For the second straight year, the city will not compete in Communities in Bloom, despite the city winning the national competition in 2011.
Similar to last year, Nigel Lambeth, chair of the Communities in Bloom Committee, recommended postponing the competition, which council agreed to during Tuesday night’s council meeting.
“Due to challenges which the community continues to face with reduced service levels, the committee would like to register in the Circle of Excellence category as a non-competitive community, continue with projects as recommended in the annual report and prepare to potentially compete internationally in 2014,” Lambeth said in a report to council.
That impressed Coun.
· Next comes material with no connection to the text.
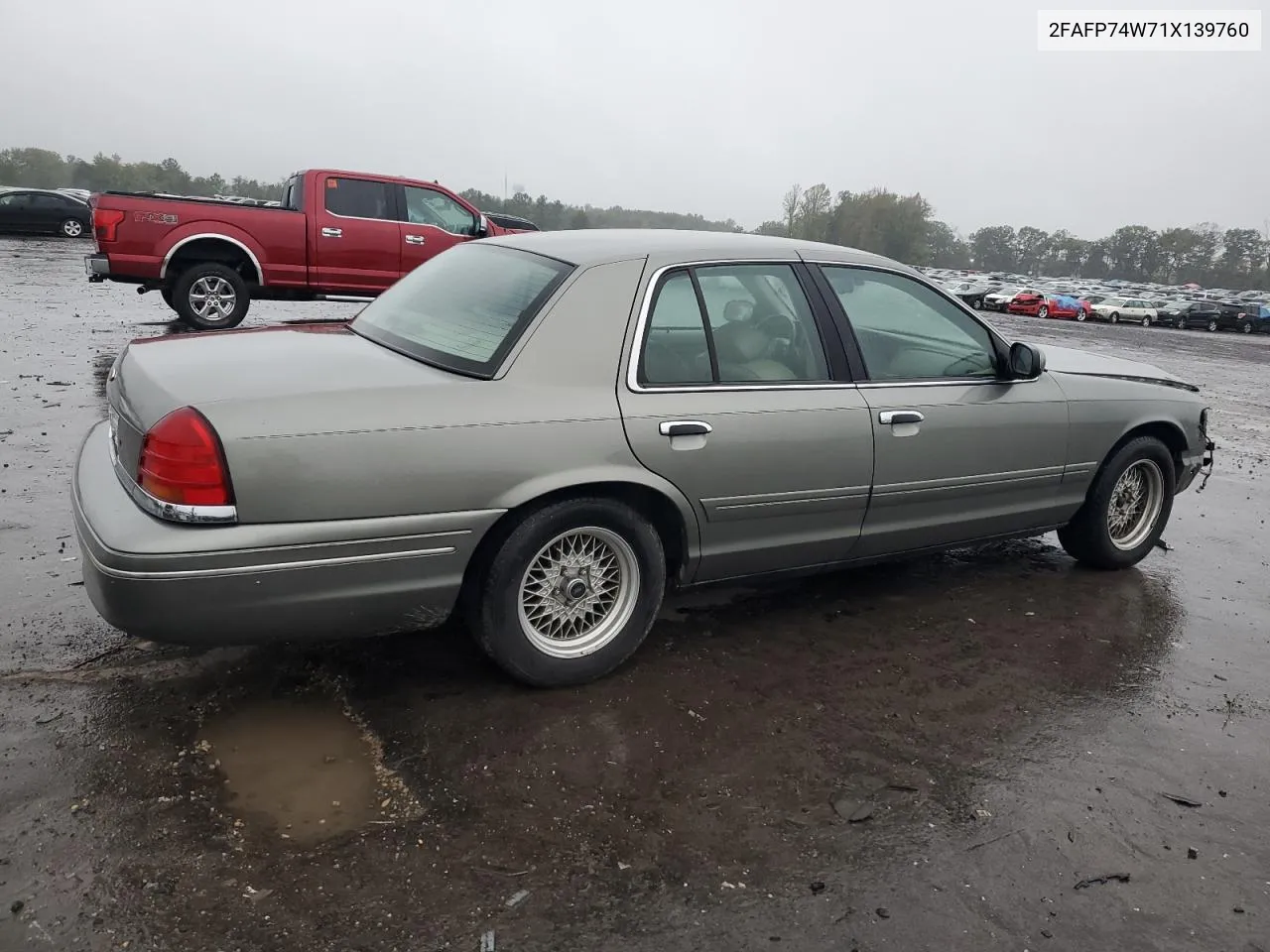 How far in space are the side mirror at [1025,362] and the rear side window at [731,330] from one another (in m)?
1.06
Andy Adams.
“I want to recognize the work the Communities in Bloom Committee has done and (its) recognition of the challenges before council,” Adams said. “I want that appreciation extended to all members of the committee.”
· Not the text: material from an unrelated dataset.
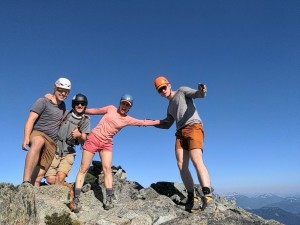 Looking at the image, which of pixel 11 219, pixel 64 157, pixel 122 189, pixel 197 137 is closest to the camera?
Result: pixel 11 219

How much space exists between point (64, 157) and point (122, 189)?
3574 mm

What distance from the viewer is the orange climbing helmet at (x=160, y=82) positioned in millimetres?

Last year, the Communities in Bloom Committee chose to take a year off from competing and instead registered as a non-competitive community to maintain its eligibility to compete at the international level.
A community is allowed to postpone its participation for two years, but after that the city would have to start over at the provincial level.
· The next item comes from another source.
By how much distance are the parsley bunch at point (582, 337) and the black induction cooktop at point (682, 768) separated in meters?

The city was invited to compete internationally in 2012 after winning at the national level last year, with a score of 85 per cent.
However, the committee needed $26,000 from the city in order to enter the contest and city council was forced to cut the Communities in Bloom budget this year due to financial difficulties.
“The committee decided to postpone entering the international level of competition for one year,” said Nigel Lambeth, chair of the committee. “Although the committee decided to take one year off from competing they were still very active and made many contributions to the community.”
Those initiatives included continuing the Adopt-A-Highway program, the second annual Great Curb Appeal campaign, the Canada Day parade, flower and tree planting, as well as several community clean-up days.
This year the committee is asking council for $7,500 from the parks department to support community groups that conduct a variety of community clean up initiatives throughout the year.
Lambeth said many in the community don’t realize that Communities in Bloom supports initiatives such as community clean ups, not just plantings.
“Unfortunately Communities in Bloom is a bit of a misnomer for the committee as it gives the impression that their activities are all about flowers,” Lambeth said. “All of the committee’s initiatives are planned around the eight criteria areas for which the community gets judged in the CIB competition: tidiness, environmental action, heritage conservation, urban forestry, landscape, turf and groundcovers, floral displays and community involvement.”
Participating in Communities in Bloom raises the profile of Campbell River around the world as more than 300 delegates attend the national symposium where each participant has a display showcasing their community.
The city has competed in the competition since 2005 when it entered as a non-competitive community.